**What this task involves**
Isolate every line in the records below with "setting" in it.

**Available data**
↓↓↓

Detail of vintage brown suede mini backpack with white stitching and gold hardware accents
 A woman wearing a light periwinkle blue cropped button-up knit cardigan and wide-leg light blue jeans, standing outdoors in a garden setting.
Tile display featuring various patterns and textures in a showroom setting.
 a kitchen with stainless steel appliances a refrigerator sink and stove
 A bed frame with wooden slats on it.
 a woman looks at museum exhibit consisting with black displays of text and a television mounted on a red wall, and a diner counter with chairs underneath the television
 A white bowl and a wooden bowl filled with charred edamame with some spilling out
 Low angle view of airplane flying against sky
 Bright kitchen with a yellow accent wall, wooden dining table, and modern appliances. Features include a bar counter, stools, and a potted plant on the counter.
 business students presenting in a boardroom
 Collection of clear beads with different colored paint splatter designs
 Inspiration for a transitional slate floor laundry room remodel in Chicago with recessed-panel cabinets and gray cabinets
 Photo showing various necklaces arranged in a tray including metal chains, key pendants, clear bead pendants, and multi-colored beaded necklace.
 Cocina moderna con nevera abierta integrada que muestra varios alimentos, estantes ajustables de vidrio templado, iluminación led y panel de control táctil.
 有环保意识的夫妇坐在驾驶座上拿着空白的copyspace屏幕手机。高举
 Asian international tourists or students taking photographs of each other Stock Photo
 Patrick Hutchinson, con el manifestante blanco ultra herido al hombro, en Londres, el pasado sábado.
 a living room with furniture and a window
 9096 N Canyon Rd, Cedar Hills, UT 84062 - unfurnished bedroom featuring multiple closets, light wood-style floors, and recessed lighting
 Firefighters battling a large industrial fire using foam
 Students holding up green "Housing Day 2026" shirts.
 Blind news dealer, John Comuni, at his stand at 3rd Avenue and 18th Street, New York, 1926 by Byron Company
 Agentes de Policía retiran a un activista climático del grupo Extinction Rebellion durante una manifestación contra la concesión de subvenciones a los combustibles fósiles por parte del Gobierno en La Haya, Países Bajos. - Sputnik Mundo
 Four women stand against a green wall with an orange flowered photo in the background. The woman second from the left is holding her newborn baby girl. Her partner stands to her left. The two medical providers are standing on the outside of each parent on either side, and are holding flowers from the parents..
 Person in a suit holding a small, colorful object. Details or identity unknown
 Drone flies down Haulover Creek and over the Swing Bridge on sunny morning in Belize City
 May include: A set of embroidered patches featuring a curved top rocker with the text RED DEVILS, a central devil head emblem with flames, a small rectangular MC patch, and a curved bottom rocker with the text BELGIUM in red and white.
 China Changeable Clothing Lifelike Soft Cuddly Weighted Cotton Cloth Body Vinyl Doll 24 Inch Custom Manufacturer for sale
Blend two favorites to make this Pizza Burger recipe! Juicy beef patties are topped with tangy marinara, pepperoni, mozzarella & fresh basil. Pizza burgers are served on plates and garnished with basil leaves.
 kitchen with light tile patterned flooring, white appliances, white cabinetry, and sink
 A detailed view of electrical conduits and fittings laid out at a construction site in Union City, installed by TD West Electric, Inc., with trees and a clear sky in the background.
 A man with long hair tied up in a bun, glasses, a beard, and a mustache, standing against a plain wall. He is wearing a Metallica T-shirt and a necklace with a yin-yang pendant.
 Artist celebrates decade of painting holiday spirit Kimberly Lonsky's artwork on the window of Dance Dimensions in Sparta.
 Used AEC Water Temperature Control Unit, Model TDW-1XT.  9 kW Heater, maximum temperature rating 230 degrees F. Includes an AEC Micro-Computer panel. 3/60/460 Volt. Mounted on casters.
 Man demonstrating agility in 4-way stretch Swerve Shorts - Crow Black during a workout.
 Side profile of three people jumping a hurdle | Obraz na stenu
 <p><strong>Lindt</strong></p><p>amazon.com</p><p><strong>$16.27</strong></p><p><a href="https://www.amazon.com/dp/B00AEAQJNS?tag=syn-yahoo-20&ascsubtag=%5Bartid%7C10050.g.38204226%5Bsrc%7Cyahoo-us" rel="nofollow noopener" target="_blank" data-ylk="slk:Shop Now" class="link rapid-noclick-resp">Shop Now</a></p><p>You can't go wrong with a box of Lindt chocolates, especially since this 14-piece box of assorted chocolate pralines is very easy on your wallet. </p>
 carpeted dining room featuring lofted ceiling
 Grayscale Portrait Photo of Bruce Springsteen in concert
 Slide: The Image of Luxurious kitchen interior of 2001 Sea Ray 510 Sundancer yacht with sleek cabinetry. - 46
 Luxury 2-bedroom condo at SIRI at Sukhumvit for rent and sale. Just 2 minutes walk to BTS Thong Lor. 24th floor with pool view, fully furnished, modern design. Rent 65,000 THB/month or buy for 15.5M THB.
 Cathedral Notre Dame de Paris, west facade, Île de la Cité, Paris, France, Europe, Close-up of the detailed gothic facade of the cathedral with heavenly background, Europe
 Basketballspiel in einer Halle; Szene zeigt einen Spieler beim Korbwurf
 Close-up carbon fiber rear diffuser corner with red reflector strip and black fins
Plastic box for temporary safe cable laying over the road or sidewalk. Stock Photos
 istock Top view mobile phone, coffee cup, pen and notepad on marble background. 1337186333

↑↑↑

**Output for this exercise**
 A woman wearing a light periwinkle blue cropped button-up knit cardigan and wide-leg light blue jeans, standing outdoors in a garden setting.
Tile display featuring various patterns and textures in a showroom setting.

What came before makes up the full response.